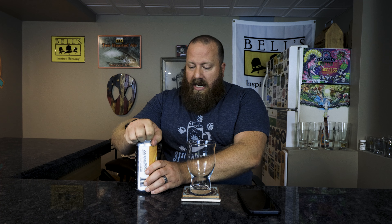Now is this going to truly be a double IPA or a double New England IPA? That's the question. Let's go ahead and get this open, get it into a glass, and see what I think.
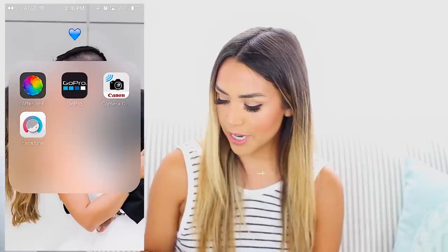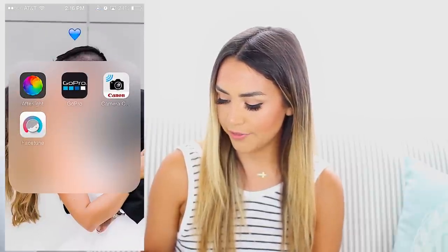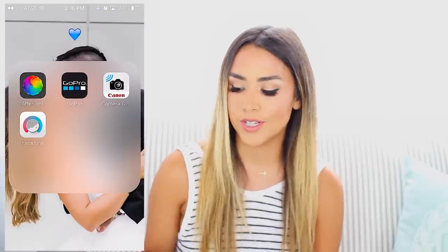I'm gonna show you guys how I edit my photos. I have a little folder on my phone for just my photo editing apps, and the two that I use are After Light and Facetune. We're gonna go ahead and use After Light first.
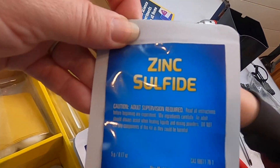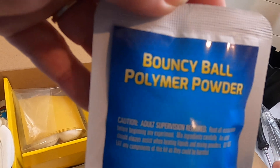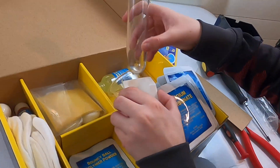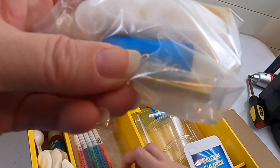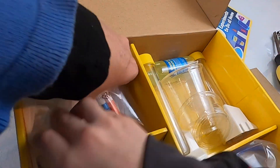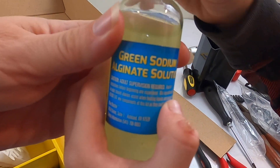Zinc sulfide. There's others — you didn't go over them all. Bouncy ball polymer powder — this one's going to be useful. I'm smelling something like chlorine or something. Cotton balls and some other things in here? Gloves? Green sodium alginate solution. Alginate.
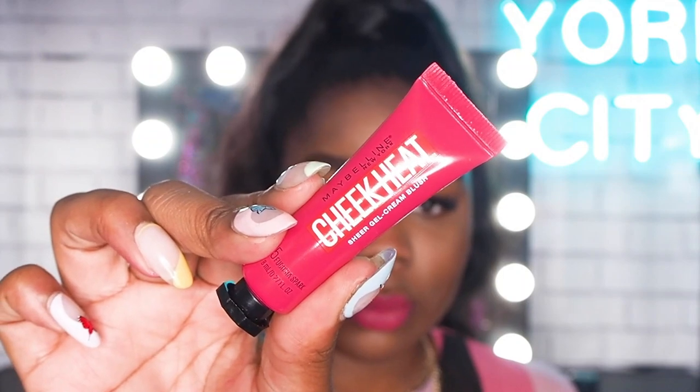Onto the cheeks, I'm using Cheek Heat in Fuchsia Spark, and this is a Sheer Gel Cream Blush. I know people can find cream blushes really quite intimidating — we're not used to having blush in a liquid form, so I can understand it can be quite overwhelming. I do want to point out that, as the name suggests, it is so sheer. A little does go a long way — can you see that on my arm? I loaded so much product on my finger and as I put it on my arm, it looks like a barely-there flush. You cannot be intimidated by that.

*-*-*

* Exercise details
Leave out the pictures and return the listing exactly.

* Response to the task
Now is this going to truly be a double IPA or a double New England IPA? That's the question. Let's go ahead and get this open, get it into a glass, and see what I think.
I'm gonna show you guys how I edit my photos. I have a little folder on my phone for just my photo editing apps, and the two that I use are After Light and Facetune. We're gonna go ahead and use After Light first.
Zinc sulfide. There's others — you didn't go over them all. Bouncy ball polymer powder — this one's going to be useful. I'm smelling something like chlorine or something. Cotton balls and some other things in here? Gloves? Green sodium alginate solution. Alginate.
Onto the cheeks, I'm using Cheek Heat in Fuchsia Spark, and this is a Sheer Gel Cream Blush. I know people can find cream blushes really quite intimidating — we're not used to having blush in a liquid form, so I can understand it can be quite overwhelming. I do want to point out that, as the name suggests, it is so sheer. A little does go a long way — can you see that on my arm? I loaded so much product on my finger and as I put it on my arm, it looks like a barely-there flush. You cannot be intimidated by that.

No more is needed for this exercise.